**WHAT TO DO:** From the records, return each line that has the word "White" in it.
━━━━━━━━━━━━━━━━
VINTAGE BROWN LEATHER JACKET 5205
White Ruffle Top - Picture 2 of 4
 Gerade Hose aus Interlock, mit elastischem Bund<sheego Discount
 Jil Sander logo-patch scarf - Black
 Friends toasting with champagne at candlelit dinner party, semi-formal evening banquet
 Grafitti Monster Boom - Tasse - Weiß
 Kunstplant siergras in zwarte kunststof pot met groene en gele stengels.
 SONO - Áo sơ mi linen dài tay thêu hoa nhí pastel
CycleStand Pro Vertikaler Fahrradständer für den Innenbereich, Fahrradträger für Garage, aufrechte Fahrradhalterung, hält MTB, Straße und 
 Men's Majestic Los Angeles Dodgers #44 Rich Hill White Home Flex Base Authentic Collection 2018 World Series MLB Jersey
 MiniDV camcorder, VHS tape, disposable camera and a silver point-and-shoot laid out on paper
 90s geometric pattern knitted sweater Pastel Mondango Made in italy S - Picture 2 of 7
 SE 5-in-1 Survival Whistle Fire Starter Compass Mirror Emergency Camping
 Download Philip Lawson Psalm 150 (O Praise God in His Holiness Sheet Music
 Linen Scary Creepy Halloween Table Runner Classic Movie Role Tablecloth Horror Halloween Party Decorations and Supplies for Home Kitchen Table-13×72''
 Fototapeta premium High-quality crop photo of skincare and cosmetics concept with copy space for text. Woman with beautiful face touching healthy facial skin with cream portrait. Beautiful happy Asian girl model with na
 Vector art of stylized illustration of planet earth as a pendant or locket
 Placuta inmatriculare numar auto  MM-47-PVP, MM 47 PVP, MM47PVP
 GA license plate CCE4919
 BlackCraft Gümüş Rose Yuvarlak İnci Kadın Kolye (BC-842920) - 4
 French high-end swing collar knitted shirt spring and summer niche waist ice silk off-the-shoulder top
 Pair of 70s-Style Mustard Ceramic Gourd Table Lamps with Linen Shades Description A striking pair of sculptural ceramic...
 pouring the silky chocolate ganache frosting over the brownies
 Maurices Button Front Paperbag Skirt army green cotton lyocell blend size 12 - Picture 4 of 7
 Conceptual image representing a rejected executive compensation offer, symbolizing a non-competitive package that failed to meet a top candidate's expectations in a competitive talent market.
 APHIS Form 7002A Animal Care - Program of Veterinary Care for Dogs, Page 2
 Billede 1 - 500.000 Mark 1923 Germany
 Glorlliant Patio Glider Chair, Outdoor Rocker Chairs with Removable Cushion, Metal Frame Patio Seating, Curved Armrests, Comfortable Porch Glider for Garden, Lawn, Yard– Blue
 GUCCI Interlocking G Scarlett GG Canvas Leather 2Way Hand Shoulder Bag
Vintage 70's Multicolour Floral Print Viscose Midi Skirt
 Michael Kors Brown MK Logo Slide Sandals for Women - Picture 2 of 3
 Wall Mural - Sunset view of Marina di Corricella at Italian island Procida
━━━━━━━━━━━━━━━━
**WRITTEN ANSWER:**
White Ruffle Top - Picture 2 of 4
 Men's Majestic Los Angeles Dodgers #44 Rich Hill White Home Flex Base Authentic Collection 2018 World Series MLB Jersey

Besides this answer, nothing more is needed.